本文深入探讨了背包问题的两种形式:01背包和完全背包,并分享了一种高效的解决方案。通过对比不同实现方式的得分,强调了边界条件处理的重要性,特别是在细节繁多的问题中。文章提供了详细的代码示例,展示了如何在限定条件下优化解的空间。
Solution
类似于背包
边界条件比较烦人
如果类似于01背包的形式写
会得到75-90分.
如果类似于完全背包的形式写
会得到100分.
我之前没做这道题真是明智的选择.
我就是不适合做这种细节很多的题.
会浪费大量的时间.
都是90分
Code
#include <stdio.h>
#include <string.h>
#include <iostream>
#include <algorithm>
const int inf = 0x3f3f3f3f;
const int N = 10005, M = 1005;
int X[N], Y[N];
int lim[N][2];
int exist[N];
inline int Judge(int now, int siz, const int limX, bool exist, int h) {
if (now + siz * h <= limX) return now + siz * h;
if (exist) return false;
if (now + (siz - 1) * h <= limX) return limX;
return false;
}
int main () {
// freopen("bird.in", "r", stdin);
int n, m, q;
scanf("%d%d%d", &n, &m, &q);
for (int i = 1; i <= n; i += 1)
scanf("%d%d", &Y[i], &X[i]);
for (int i = 0; i <= n; i += 1)
lim[i][0] = 0, lim[i][1] = m + 1;
for (int i = 1, p; i <= q; i += 1) {
scanf("%d", &p), scanf("%d%d", &lim[p][0], &lim[p][1]), exist[p] = true;
}
int *g = new int[m + 1];
int *f = new int[m + 1];
for (int i = 1; i <= m; i += 1) g[i] = 0;
int Res = 0, now = 0;
for (int i = 1; i <= n; i += 1) {
for (int j = 0; j <= m; j += 1) f[j] = inf;
for (int j = lim[i - 1][0] + 1; j < lim[i - 1][1]; j += 1) {
if (g[j] == inf) continue;
if (j - X[i] > lim[i][0] and j - X[i] < lim[i][1])

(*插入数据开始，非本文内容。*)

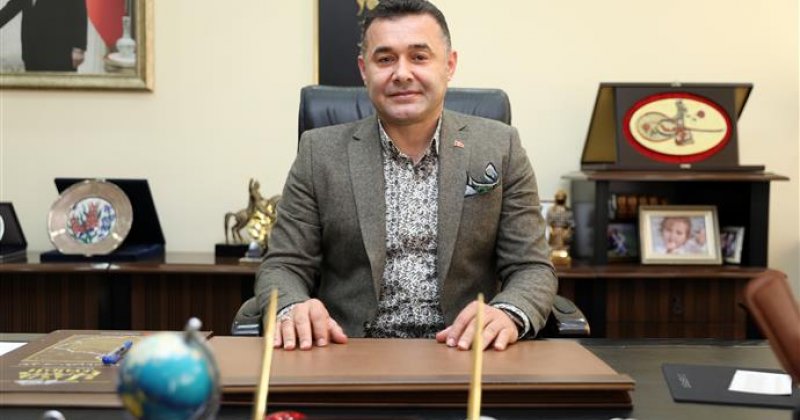 Başkan yücel’den fener alayı ve funda arar konserine davet  “ay yıldızlı türk bayraklarıyla cumhuriyet şölenimizde buluşalım”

f[j - X[i]] = std:: min(f[j - X[i]], g[j]);
int temp, Min = lim[i][0] + 1, dy = Min - j,
Beg = dy > 0 ? dy / Y[i] + (dy % Y[i] ? 1 : 0) : 1;
temp = Judge(j, Beg, lim[i][1] - 1, exist[i], Y[i]);
for (int k = Beg; temp and f[temp] > g[j] + k; k += 1) {
// if (j + k * Y[i] < lim[i][0]) continue;
f[temp] = std:: min(f[temp], g[j] + k);
temp = Judge(j, k + 1, lim[i][1] - 1, exist[i], Y[i]);
}
}
if (exist[i])
for (int j = 1; j <= m; j += 1)
if (f[j] != inf) Res = std:: max(Res, now + 1);
now += exist[i];
std:: swap(f, g);
}
int res = inf;
for (int i = lim[n][0] + 1; i < lim[n][1]; i += 1)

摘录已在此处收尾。